All the leaders of capitalism, economists, financiers, politicians, are at sixes and sevens. Many would-be reformers of capitalism (including many on the Left) urge that if only the capitalists would pay higher wages to the workers, enabling them to buy more of what they produce, there would be no crisis. This is utopian nonsense, which ignores the inevitable laws of capitalism — the drive for profits, and the drive of competition. The drive of capitalism is always to increase its profits by every possible means, to increase its surplus, not to decrease it. Individual capitalists may talk of the “gospel" of high wages in the hope of securing a larger market for their goods. But the actual drive of capitalism as a whole is the opposite. The force of competition compels every capitalist to cheapen costs of production, to extract more output per worker for less return, to cut wages. It conceals the real process of capitalism at work. Capitalism has no solution. The most the capitalists can see is to wait amid the general misery until the universal stagnation, destruction and stoppage of production has produced such a vacuum that “demand” will again arise, beginning a new trade cycle, and leading to a new and greater crisis. But of any attempt to organise the growing productive power to meet human needs — the question does not even enter into their heads; it cannot arise within the conditions of capitalism.

Capitalism to-day is no longer willing to grant concessions to the workers, on the contrary finds itself compelled to withdraw existing concessions, to make new attacks, to worsen conditions.  To enforce worsened conditions on the workers in order to save capitalism has been the role of the Labour Governments.

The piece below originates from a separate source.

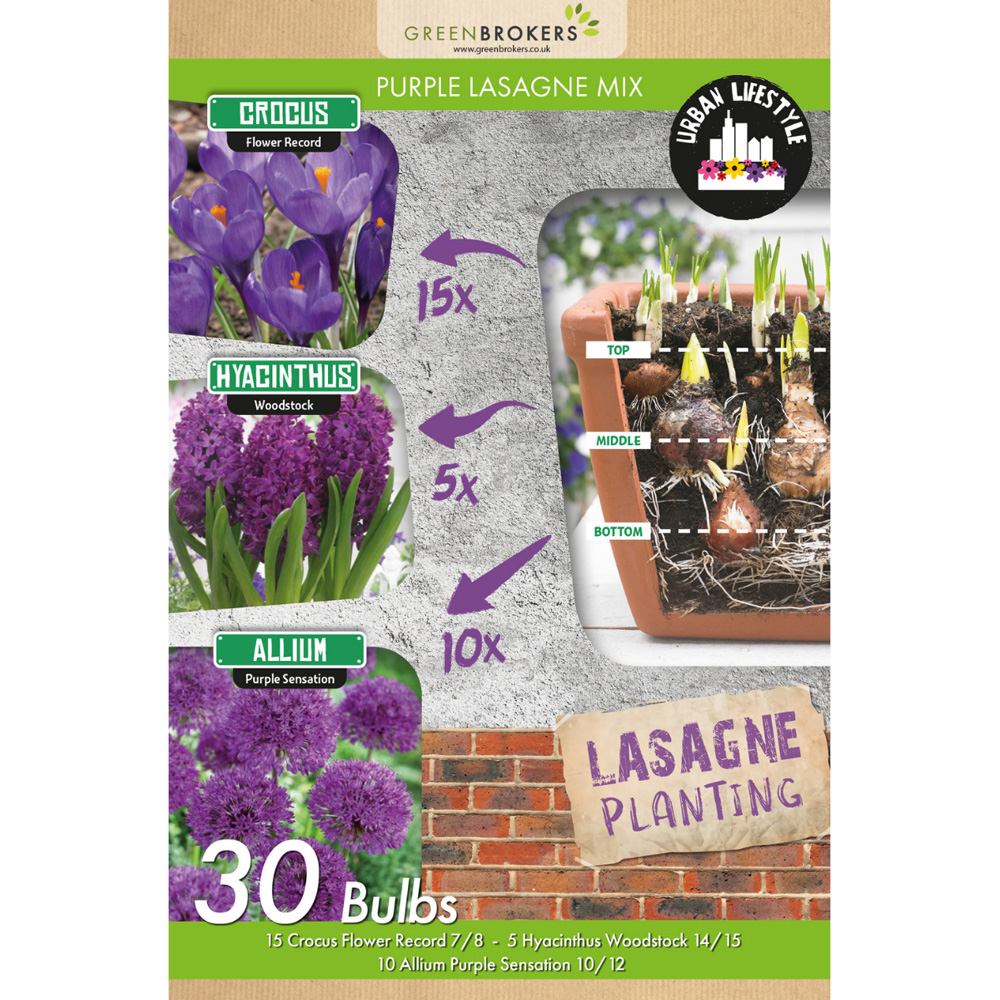 GreenBrokers Purple Lasagne Bee Friendly Mixed Planting Spring Bulb 30 Pack Image 2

The Left proclaim their “opposition” to the Labour Party policy and advocate so-called “socialist” alternatives. But on examination their policy will be found to be only the old policy of the Old Labour Party, dressed up in new clothes. Although they speak roundly of “socialism” against “capitalism,” they do not propose the overthrow of capitalism, the working-class conquest of power, the expropriation of the capitalists; their basis is still the same basis of capitalism, of the capitalist State, and therefore the outcome can only be the same. In the end where will all the policies of capitalism lead? They will not solve the crisis. On the contrary, the more they increase the impoverishment of the workers, the more they increase competitive power, the more they intensify the crisis. The same types of policy are pursued by all the capitalists. The only viable proposal for change is the reorganisation of capitalism.

Only socialism can bring the solution. Only socialism can cut through the bonds of capitalist property rights and organise production to meet human needs. Once capitalism is overthrown, then and only then can production be organised in common for all, and every increase in production bring increasing abundance and leisure for all. This is the aim of the working-class revolution. Only the organised working-class can fight and destroy the power of the capitalist class, can drive the capitalists from possession, can organise social production. The capitalists and their propagandist reformists, try to frighten the workers from revolution by holding before them the spectre that revolution means civil war violence and starvation and that the workers depend on capitalism for their existence. The contrary is the truth. Already millions are unemployed or under-employed,  brought down to the barest subsistence basis. Deprivation spreads and the demand for food banks grow.

The issue of class-power, the issue of capitalism or socialism draws close. Forward to the social revolution! There is no time to lose. To-day the workers are mobilising their forces to meet the new capitalist attacks. The spirit of fight is rising in the working-class. Forward to the fight for socialism!